Before 1992, two types of breast implants were available. Both had an outer silicone shell filled with either silicone gel or saline (sterile salt-water). But since 1992, the majority of the breast implants were of the saline variety because in that year, the Federal Food and Drug Administration confined using silicone gel filled implants. This restriction was spurred by the concern that silicone gel leaking into the human body could be dangerous, and by the inability of the manufacturers to provide adequate safety data on their implants. FDA's determination eight years ago means that silicone gel implants can simply be utilized in controlled clinical studies for the purposes of reconstruction after mastectomy, correction of congenital deformities, or replacement of ruptured silicone-gel implants that were used for augmentation.
Breast Surgery
Breast augmentation is now the second most commonly performed aesthetic surgical procedure after liposuction, based on the American Society of Plastic Surgeons. In 1998 only, more than 130,000 girls in the USA experienced the process. This amount grew to 191, 000 in 1999 - - a 51 percent increase in the previous year and nearly a 500 percent increase since 1992.

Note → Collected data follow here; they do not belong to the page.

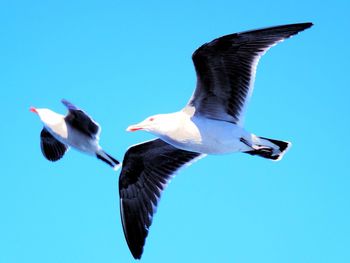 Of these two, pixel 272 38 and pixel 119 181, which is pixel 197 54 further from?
pixel 119 181

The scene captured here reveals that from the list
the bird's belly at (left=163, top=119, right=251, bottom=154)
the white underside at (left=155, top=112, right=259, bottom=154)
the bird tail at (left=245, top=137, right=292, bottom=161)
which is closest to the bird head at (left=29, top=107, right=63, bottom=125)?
the white underside at (left=155, top=112, right=259, bottom=154)

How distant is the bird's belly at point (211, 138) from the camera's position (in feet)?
28.2

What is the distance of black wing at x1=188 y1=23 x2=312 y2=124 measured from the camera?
27.1 ft

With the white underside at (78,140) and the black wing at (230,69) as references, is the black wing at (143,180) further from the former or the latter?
the black wing at (230,69)

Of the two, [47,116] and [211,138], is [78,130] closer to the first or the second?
[47,116]

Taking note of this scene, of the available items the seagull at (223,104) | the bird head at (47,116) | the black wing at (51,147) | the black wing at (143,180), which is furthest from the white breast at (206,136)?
the black wing at (51,147)

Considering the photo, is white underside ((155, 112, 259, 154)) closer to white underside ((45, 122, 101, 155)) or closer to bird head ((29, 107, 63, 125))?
white underside ((45, 122, 101, 155))

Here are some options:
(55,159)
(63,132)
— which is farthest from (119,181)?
(55,159)

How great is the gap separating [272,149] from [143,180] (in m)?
2.32

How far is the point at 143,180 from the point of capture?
33.7 feet

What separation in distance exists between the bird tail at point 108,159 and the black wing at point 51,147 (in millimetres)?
2326

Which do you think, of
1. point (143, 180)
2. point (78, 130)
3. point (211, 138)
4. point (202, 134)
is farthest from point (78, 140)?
point (211, 138)

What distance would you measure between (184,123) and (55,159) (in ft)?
13.8

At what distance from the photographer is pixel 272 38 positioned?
8297 millimetres
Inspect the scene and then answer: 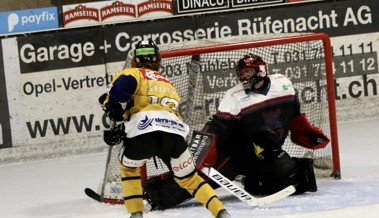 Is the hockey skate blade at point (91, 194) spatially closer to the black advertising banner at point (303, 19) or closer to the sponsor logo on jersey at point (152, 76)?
the sponsor logo on jersey at point (152, 76)

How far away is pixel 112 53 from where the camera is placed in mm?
8164

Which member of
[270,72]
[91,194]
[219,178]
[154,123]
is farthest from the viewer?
[270,72]

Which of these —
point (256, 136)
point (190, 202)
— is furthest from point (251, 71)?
point (190, 202)

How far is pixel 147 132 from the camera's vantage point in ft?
15.3

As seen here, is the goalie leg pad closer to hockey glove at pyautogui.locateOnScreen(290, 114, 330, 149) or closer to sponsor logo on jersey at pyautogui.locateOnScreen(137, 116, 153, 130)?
hockey glove at pyautogui.locateOnScreen(290, 114, 330, 149)

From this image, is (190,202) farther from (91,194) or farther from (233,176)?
(91,194)

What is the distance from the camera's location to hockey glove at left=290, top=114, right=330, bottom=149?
18.8 ft

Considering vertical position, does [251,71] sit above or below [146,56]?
below

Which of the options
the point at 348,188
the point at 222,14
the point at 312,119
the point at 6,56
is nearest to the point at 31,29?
the point at 6,56

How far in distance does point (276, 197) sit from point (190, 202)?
22.0 inches

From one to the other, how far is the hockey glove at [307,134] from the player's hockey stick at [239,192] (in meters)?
0.54

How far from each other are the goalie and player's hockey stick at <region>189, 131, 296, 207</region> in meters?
0.04

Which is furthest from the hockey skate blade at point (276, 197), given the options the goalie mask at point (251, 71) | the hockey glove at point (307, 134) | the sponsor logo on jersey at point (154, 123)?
the sponsor logo on jersey at point (154, 123)

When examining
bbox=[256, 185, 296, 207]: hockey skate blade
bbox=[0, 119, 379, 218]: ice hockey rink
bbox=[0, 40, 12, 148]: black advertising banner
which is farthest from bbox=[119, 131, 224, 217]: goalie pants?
bbox=[0, 40, 12, 148]: black advertising banner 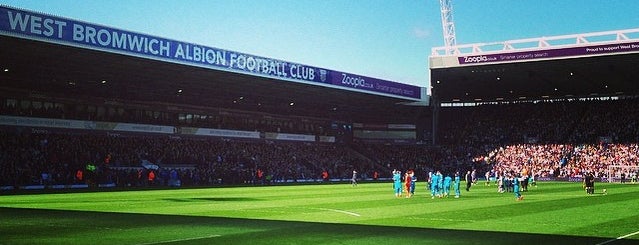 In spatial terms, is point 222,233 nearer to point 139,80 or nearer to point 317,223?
point 317,223

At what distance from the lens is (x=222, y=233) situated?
641 inches

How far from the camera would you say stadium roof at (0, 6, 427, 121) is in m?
35.5

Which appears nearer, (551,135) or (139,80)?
(139,80)

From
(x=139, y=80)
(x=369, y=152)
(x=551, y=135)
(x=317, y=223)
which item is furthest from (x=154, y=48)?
(x=551, y=135)

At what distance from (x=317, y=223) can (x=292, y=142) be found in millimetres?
54332

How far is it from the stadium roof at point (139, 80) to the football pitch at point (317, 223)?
488 inches

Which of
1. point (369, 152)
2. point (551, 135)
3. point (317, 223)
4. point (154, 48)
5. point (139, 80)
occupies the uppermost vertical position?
point (154, 48)

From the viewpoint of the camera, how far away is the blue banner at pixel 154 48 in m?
33.3

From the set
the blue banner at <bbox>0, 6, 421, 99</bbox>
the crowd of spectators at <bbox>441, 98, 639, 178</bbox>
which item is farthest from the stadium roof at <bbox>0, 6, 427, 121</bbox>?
the crowd of spectators at <bbox>441, 98, 639, 178</bbox>

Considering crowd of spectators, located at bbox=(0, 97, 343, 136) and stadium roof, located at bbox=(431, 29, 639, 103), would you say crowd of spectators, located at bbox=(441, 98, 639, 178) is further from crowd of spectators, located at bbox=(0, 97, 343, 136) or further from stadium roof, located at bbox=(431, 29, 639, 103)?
crowd of spectators, located at bbox=(0, 97, 343, 136)

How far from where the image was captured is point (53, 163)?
152 feet

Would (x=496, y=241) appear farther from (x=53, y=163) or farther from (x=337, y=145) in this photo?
(x=337, y=145)

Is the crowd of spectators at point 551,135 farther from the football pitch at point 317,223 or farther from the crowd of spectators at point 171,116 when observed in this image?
the football pitch at point 317,223

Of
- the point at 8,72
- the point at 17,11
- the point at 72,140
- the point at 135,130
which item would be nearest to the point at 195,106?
the point at 135,130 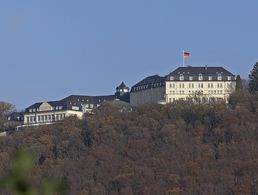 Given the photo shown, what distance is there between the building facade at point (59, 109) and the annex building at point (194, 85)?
9.00 meters

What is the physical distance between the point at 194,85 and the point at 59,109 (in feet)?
54.9

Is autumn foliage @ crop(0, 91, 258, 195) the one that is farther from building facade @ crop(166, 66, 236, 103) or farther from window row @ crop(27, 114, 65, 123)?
window row @ crop(27, 114, 65, 123)

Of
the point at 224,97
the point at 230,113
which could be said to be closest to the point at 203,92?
the point at 224,97

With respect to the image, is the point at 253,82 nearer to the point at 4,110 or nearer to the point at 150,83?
the point at 150,83

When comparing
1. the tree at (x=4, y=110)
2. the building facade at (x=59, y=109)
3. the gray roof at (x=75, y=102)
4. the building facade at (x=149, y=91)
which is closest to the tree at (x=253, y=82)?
the building facade at (x=149, y=91)

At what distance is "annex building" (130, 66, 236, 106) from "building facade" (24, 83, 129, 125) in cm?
900

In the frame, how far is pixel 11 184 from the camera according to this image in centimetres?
209

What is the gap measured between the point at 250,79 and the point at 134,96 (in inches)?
598

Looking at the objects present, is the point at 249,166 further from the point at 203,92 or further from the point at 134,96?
the point at 134,96

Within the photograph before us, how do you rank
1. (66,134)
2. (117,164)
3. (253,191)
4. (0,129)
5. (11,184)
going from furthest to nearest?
1. (0,129)
2. (66,134)
3. (117,164)
4. (253,191)
5. (11,184)

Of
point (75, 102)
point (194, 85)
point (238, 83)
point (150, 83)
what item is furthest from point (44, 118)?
point (238, 83)

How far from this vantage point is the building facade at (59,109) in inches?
4653

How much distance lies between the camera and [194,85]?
4437 inches

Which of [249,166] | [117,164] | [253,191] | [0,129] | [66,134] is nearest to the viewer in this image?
[253,191]
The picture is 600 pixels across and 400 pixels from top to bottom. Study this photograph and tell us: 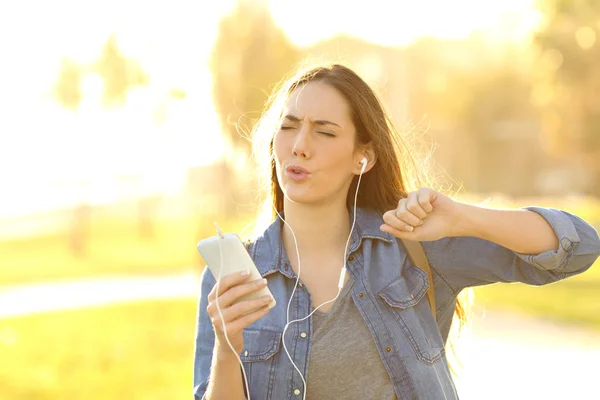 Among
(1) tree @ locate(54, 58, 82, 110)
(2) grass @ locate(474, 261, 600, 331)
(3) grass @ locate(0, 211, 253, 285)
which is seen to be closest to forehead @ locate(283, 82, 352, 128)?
(2) grass @ locate(474, 261, 600, 331)

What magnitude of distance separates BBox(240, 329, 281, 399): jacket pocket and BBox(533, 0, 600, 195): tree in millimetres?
24111

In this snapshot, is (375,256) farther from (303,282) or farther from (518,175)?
(518,175)

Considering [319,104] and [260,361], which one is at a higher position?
[319,104]

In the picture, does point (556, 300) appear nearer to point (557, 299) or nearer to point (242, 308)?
point (557, 299)

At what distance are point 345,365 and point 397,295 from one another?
0.36 m

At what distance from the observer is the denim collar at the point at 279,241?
141 inches

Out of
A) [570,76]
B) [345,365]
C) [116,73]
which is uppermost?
[570,76]

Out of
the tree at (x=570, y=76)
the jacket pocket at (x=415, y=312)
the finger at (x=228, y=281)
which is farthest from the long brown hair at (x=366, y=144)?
the tree at (x=570, y=76)

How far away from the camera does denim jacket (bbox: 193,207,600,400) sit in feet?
11.0

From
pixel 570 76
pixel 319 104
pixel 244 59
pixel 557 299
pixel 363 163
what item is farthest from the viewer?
pixel 570 76

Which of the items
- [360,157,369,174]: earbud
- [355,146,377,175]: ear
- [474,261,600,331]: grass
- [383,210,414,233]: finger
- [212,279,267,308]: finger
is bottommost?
[212,279,267,308]: finger

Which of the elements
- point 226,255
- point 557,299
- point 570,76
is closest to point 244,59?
point 557,299

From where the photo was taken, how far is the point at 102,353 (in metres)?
11.7

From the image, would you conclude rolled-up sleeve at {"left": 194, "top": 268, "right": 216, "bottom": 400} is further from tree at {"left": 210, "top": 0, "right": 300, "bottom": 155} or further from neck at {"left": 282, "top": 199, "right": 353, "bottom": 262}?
tree at {"left": 210, "top": 0, "right": 300, "bottom": 155} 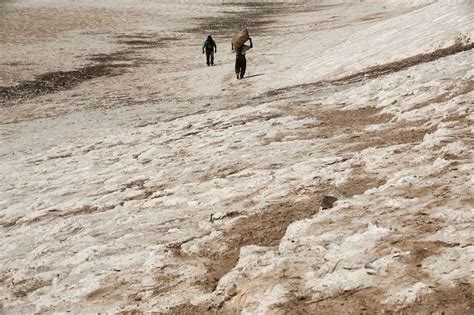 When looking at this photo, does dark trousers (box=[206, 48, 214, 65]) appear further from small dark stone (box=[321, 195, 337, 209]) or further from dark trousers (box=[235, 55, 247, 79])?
small dark stone (box=[321, 195, 337, 209])

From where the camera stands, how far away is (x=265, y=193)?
322 inches

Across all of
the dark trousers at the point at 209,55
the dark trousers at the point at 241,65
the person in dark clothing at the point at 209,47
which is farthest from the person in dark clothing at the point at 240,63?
the dark trousers at the point at 209,55

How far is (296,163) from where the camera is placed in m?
9.21

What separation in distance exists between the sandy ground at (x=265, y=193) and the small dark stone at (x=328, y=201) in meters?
0.01

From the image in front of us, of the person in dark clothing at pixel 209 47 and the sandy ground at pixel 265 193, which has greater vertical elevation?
the person in dark clothing at pixel 209 47

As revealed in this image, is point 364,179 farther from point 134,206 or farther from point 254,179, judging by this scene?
point 134,206

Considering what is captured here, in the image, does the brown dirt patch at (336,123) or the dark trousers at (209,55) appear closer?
the brown dirt patch at (336,123)

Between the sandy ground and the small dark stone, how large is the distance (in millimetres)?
14

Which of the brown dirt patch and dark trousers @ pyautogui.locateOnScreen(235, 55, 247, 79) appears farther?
dark trousers @ pyautogui.locateOnScreen(235, 55, 247, 79)

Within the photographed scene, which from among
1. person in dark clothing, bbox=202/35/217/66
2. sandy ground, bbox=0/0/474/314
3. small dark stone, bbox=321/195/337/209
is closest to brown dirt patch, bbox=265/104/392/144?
sandy ground, bbox=0/0/474/314

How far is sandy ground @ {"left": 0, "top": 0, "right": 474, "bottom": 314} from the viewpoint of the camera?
17.1 ft

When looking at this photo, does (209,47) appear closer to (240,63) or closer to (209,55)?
(209,55)

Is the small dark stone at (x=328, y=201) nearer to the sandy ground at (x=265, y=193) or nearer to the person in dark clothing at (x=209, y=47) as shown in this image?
the sandy ground at (x=265, y=193)

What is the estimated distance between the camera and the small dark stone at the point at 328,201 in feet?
22.7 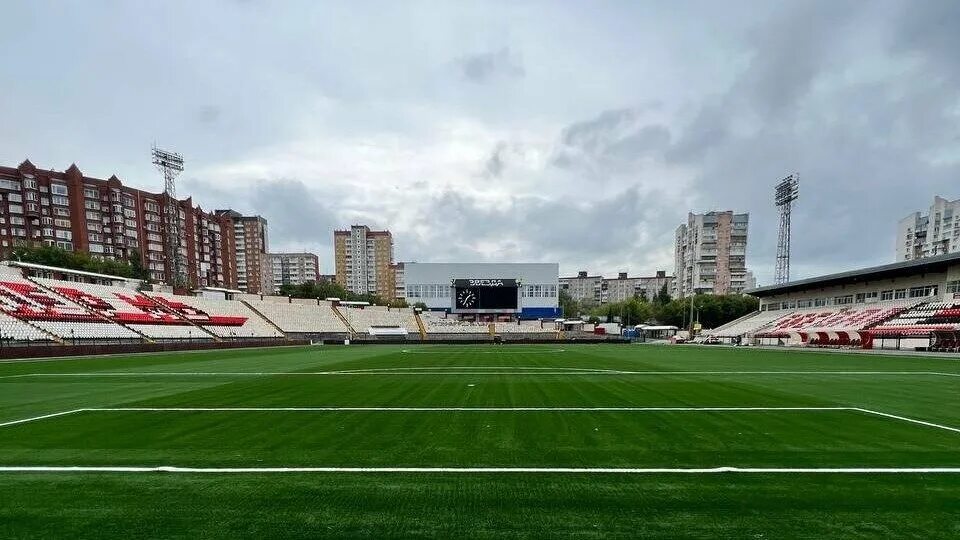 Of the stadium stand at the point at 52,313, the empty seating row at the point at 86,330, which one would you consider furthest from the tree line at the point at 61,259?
the empty seating row at the point at 86,330

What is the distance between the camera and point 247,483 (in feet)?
16.2

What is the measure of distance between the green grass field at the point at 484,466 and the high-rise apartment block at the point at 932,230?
120333 mm

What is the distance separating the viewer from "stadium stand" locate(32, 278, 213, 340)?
39.2 metres

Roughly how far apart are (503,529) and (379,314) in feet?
227

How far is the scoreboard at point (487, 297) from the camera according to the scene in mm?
68750

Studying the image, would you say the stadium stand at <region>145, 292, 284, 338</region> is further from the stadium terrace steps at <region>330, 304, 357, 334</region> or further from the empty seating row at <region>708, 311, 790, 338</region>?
the empty seating row at <region>708, 311, 790, 338</region>

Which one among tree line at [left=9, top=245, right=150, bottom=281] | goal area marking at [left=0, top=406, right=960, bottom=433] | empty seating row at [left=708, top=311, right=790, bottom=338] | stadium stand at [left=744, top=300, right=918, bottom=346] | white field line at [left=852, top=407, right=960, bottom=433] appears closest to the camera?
white field line at [left=852, top=407, right=960, bottom=433]

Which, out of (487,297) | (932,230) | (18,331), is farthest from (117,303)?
(932,230)

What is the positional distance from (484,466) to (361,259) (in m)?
149

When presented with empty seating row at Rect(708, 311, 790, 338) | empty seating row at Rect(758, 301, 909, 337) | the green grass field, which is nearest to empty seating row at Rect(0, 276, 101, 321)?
the green grass field

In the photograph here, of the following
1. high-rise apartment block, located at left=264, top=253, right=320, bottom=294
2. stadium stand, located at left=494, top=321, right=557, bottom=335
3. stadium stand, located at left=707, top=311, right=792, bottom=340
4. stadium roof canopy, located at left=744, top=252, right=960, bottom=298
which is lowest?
stadium stand, located at left=494, top=321, right=557, bottom=335

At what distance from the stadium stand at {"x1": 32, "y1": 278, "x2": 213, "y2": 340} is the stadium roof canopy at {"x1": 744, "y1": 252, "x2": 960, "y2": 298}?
68.0 m

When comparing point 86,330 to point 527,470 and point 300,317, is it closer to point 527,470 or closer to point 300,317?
point 300,317

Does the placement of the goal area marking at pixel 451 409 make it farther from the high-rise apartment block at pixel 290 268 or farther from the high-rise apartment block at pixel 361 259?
the high-rise apartment block at pixel 290 268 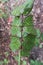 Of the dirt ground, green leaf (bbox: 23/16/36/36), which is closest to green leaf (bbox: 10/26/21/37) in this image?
green leaf (bbox: 23/16/36/36)

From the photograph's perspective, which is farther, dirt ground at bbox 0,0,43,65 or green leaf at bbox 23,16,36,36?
dirt ground at bbox 0,0,43,65

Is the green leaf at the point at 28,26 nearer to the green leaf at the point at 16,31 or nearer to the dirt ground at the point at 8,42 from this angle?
the green leaf at the point at 16,31

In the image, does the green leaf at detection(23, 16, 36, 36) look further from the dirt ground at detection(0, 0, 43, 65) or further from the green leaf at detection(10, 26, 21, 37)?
the dirt ground at detection(0, 0, 43, 65)

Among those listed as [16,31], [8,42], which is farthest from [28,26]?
[8,42]

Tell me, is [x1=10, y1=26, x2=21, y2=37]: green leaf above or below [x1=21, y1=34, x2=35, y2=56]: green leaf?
above

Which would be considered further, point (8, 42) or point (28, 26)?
point (8, 42)

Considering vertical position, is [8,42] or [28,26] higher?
[28,26]

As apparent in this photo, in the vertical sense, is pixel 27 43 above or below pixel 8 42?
above

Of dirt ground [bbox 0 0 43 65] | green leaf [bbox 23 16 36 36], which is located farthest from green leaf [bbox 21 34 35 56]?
dirt ground [bbox 0 0 43 65]

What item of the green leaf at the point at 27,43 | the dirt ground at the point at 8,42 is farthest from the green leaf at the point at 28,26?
the dirt ground at the point at 8,42

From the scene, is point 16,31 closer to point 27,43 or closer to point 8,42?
point 27,43

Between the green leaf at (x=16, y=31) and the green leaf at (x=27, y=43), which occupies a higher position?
the green leaf at (x=16, y=31) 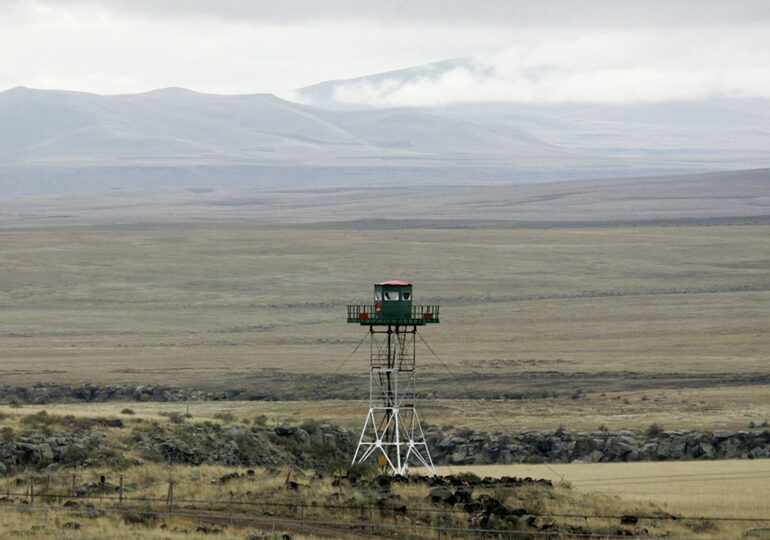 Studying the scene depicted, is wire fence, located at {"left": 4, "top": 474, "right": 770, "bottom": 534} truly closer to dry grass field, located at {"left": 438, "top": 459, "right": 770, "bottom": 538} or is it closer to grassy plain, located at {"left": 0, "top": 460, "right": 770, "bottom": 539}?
grassy plain, located at {"left": 0, "top": 460, "right": 770, "bottom": 539}

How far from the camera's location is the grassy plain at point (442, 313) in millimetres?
61906

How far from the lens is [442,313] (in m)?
91.0

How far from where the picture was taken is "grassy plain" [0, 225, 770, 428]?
61.9 meters

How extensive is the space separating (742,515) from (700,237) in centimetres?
10659

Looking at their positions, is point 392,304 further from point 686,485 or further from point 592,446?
point 592,446

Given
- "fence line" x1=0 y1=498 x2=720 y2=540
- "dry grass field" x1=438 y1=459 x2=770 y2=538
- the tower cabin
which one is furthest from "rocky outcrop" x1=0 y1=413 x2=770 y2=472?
"fence line" x1=0 y1=498 x2=720 y2=540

Before 1992, two types of breast implants were available. Both had an outer silicone shell filled with either silicone gel or saline (sterile salt-water). But since 1992, the majority of the breast implants were of the saline variety because in that year, the Federal Food and Drug Administration confined using silicone gel filled implants. This restriction was spurred by the concern that silicone gel leaking into the human body could be dangerous, and by the inability of the manufacturers to provide adequate safety data on their implants. FDA's determination eight years ago means that silicone gel implants can simply be utilized in controlled clinical studies for the purposes of reconstruction after mastectomy, correction of congenital deformities, or replacement of ruptured silicone-gel implants that were used for augmentation.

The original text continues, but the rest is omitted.